Après le combat de Mac-Giang, tous les commerçants et autres indigènes qui demeuraient à proximité du poste n’osèrent plus rester la nuit chez eux. Ils prièrent le capitaine de leur permettre de coucher au poste, ce qui leur fut accordé. Les attaques contre les sentinelles redoublèrent, nos veillées aussi. Tout le territoire était soulevé contre nous. Des bandes armées s’organisaient, tout comme après la guerre du Tonkin. Elles pillaient et tuaient tous ceux qu’elles soupçonnaient d’avoir des relations avec nous. Le 12 novembre, deux enseignes de vaisseau, MM. Gourlanen et Koun, qui se promenaient sur un mamelon à côté du Mont-Aou, furent aperçus par des soldats chinois, saisis et décapités séance tenante.
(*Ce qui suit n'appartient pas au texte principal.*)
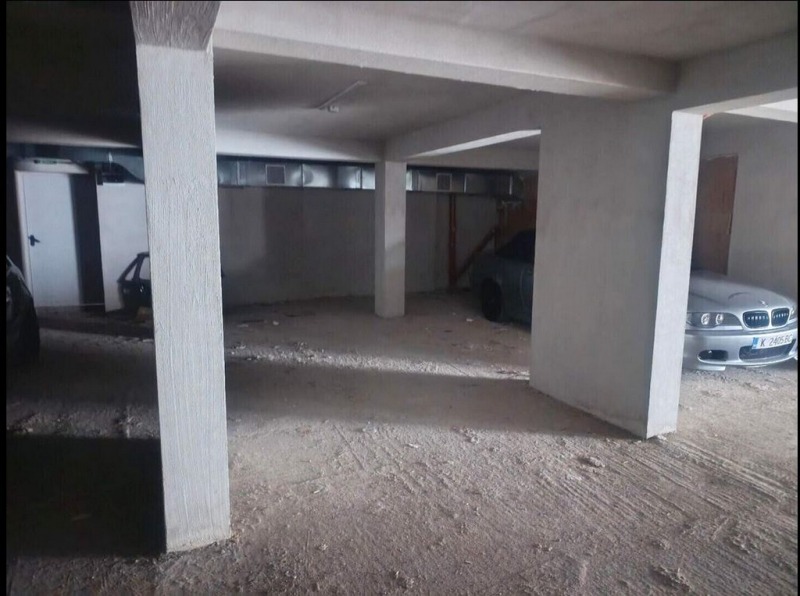 Дава под наем ГАРАЖ, ПАРКОМЯСТО, гр. Кърджали, Промишлена зона - Б, снимка 2 - Гаражи и паркоместа - 52605194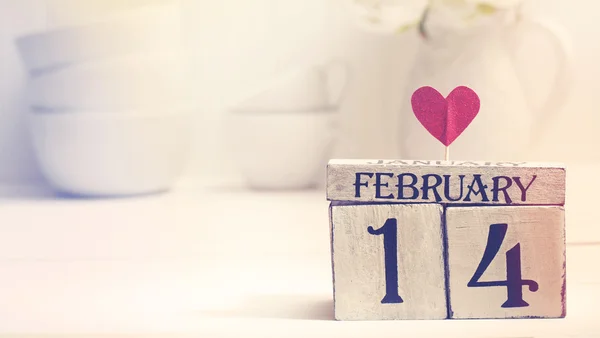 Valentin-nap, a fa blokk naptár — Stock Fotó
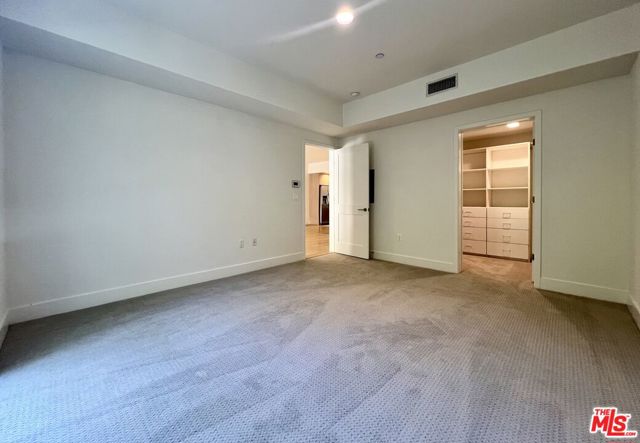11715 W BELLAGIO Road, Los Angeles CA: https://media.crmls.org/mediaz/67d4be9e-1323-47af-821d-9ea5d3c326ca.jpg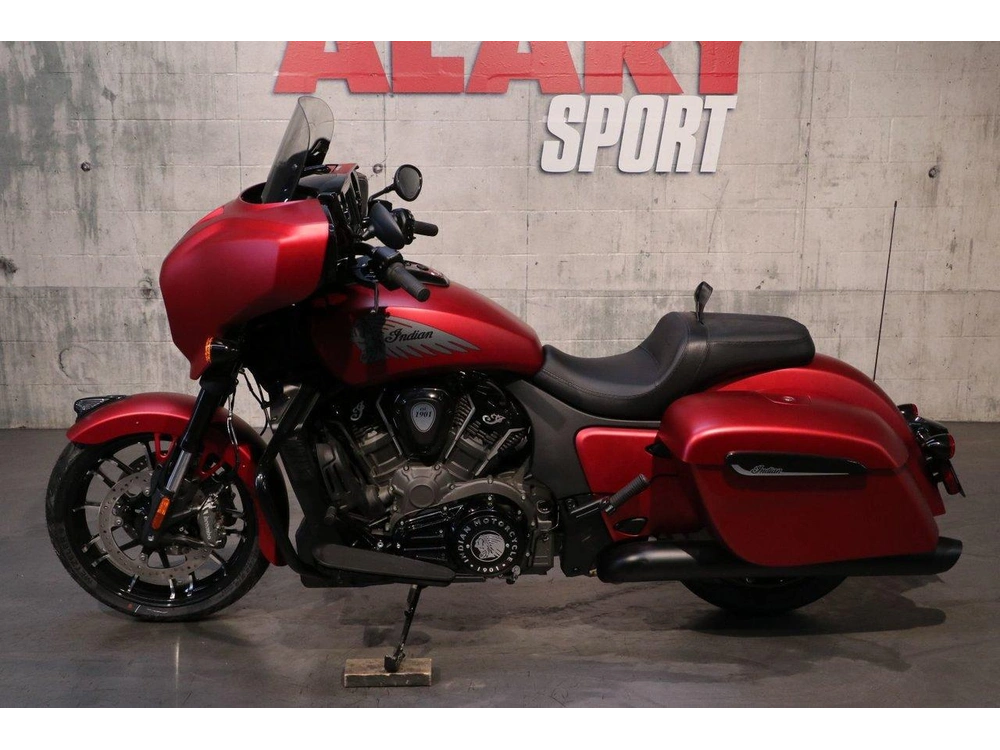 2026 Indian Motorcycle Indian Chieftain Powerplus Dark Horse alt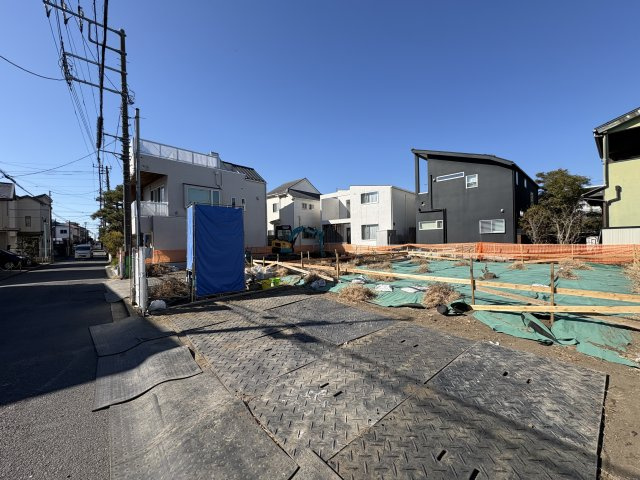 KUGENUMA COAST RESIDENCE — 鵠沼松が岡の邸の前面道路含む現地写真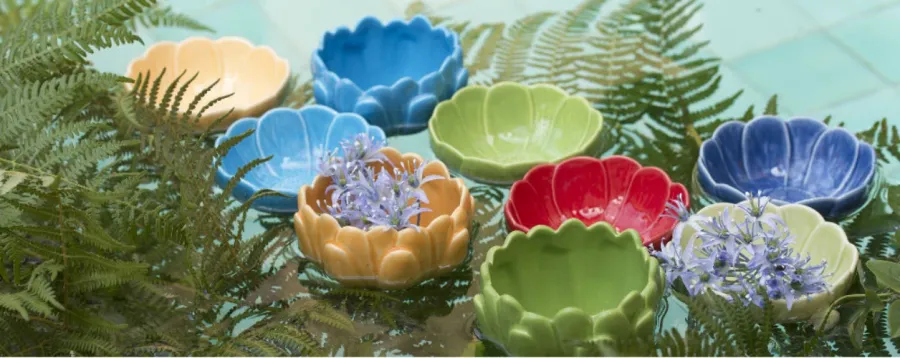 obrazek 2 Stylowa miska ceramiczna w kształcie lilii wodnej - Bordallo Pinheiro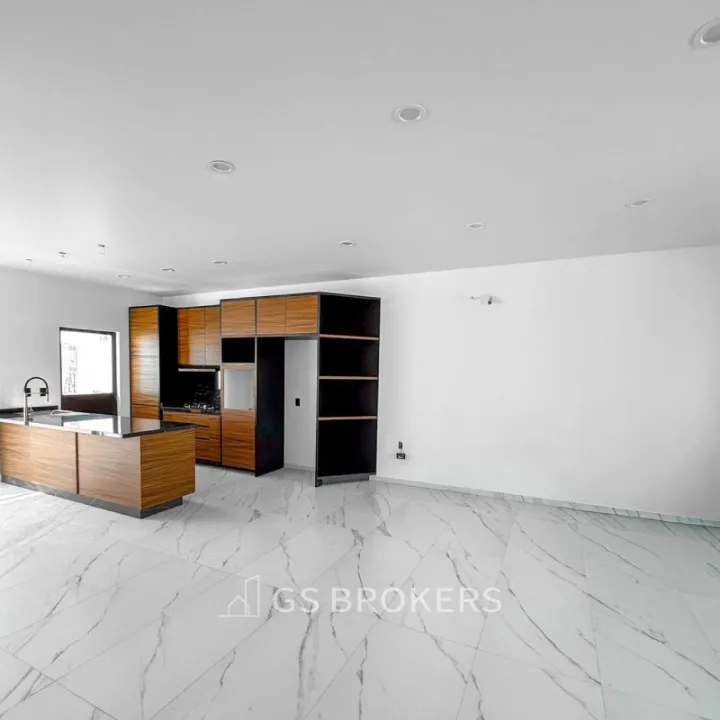 Foto 2 de Casa en venta en H. Colegio Militar, Colonia La Granja, Zapopan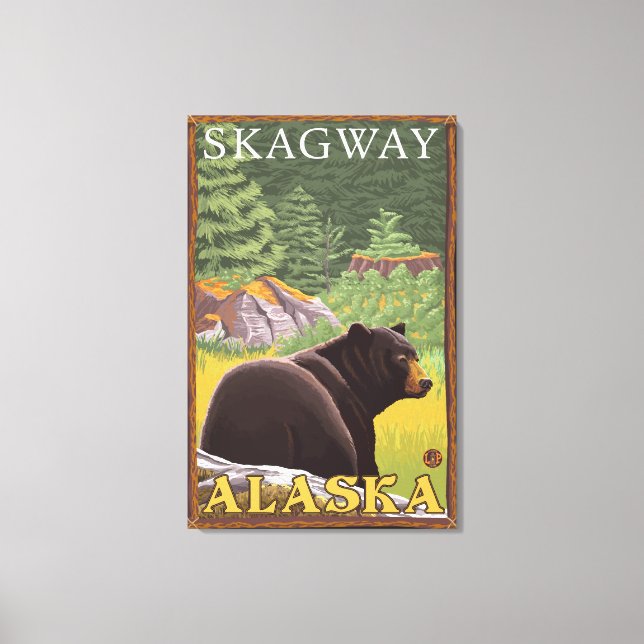 Schwarzer Bär im Wald - Skagway, Alaska Leinwanddruck (Vorderseite)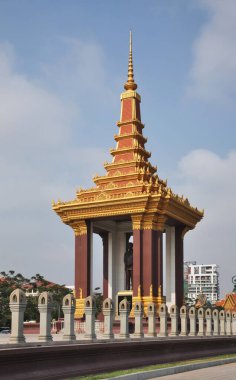 Kral Peder Norodom Sihanouk 'un Phnom Penh' deki Samdach Chounnath bahçesindeki heykeli. Kamboçya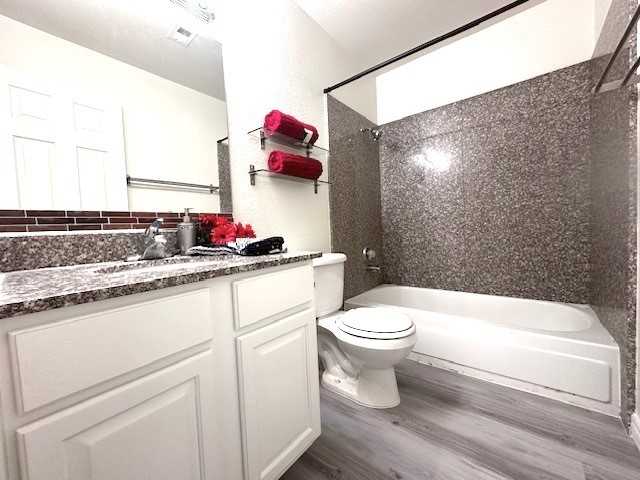 5181 River Glen Dr Bldg 215 #2ndFL - Photo 5 of 27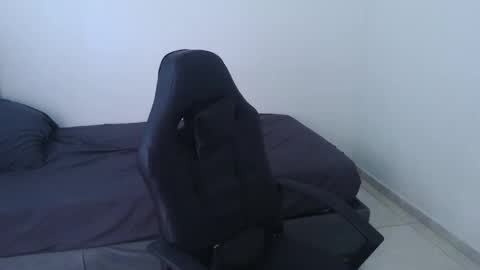 alphas_latins online show from May 22, 2026, 6:02 pm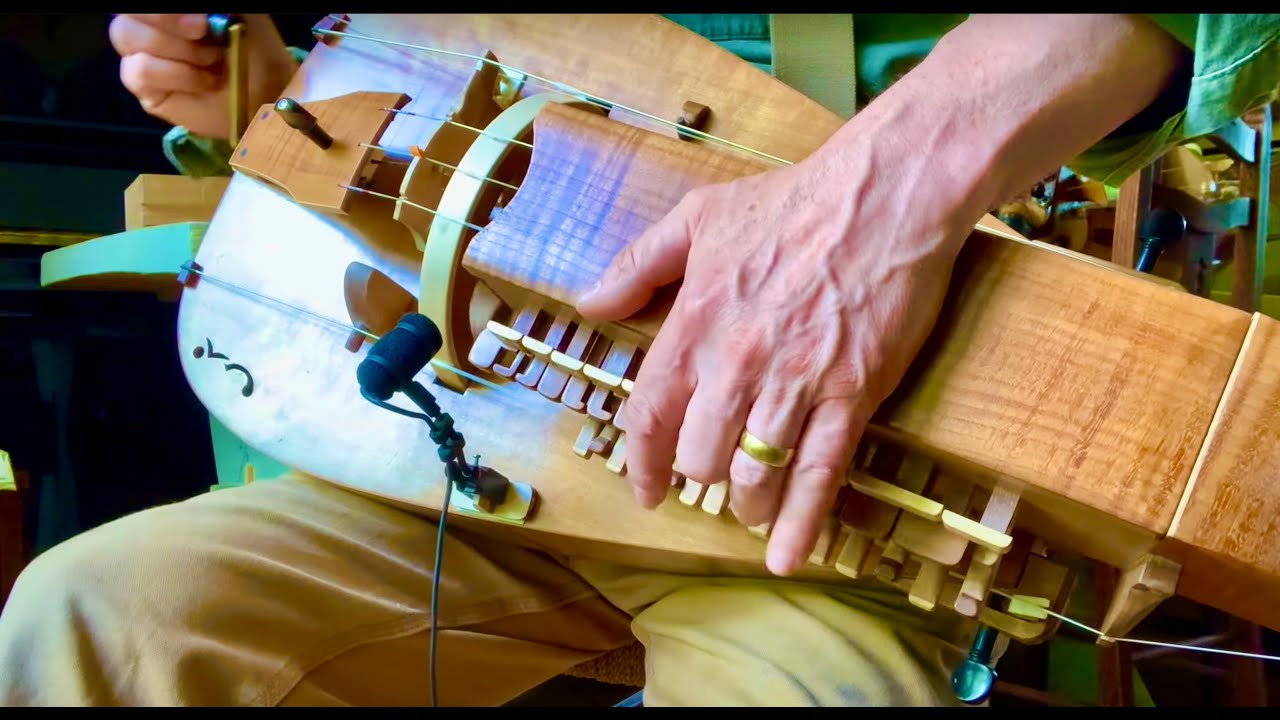 Learn a Hurdy-Gurdy Tune 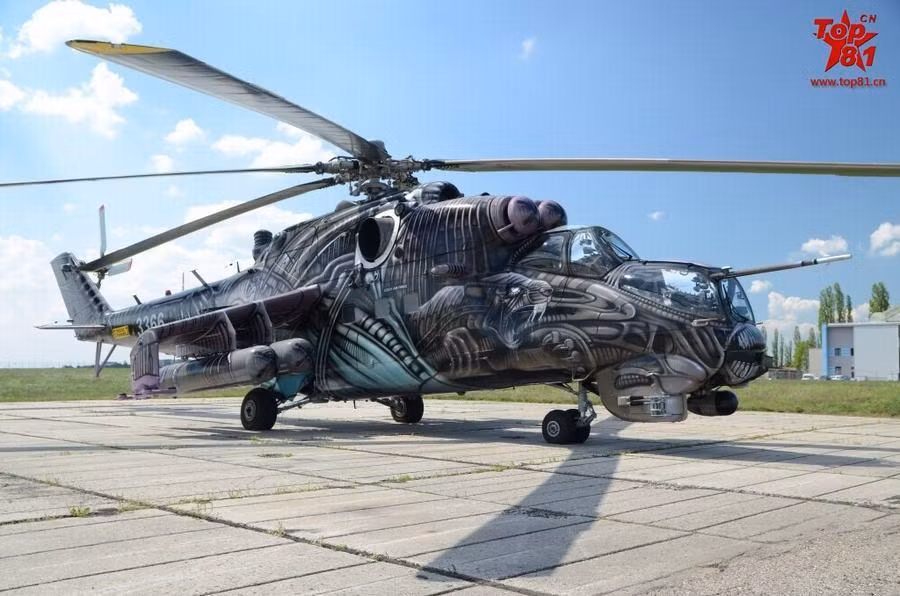 Mi-24D vốn dĩ đáng sợ nay càng đáng sợ hơn.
Les auteurs de ce double assassinat en informèrent eux-mêmes l’amiral, ajoutant que les corps des deux officiers avaient été ouverts, leurs cœurs arrachés et jetés aux chiens, et qu’ils en feraient autant avec tous les Français qui leur tomberaient sous la main.

Aussitôt que l’amiral eut appris cette lugubre nouvelle, il ordonna au commandant du poste du Mont-Aou de braquer ses canons sur la canonnière chinoise mouillée dans le fleuve et de déclarer prisonnier de guerre tout le personnel du bord. Dans le nombre, se trouvaient le préfet de Sou-Kaï, le sous-préfet de Haïnam et quelques autres hauts personnages. En même temps, ou donnait l’ordre à deux canonnières de bombarder Ma-Tchéoung, village situé à proximité du lieu où l’assassinat avait été commis, et dont la population se montrait particulièrement hostile envers nous. La canonnière chinoise fut prise à la baïonnette par nos matelots, et son état-major envoyé à bord du d’Entrecasteaux. Le bâtiment fut désarmé et on démonta les principales pièces de sa machine. L’équipage fut laissé à bord, mais surveillé de près ; enfin on mit la main sur cent cinquante fusils trouvés au fond des cales.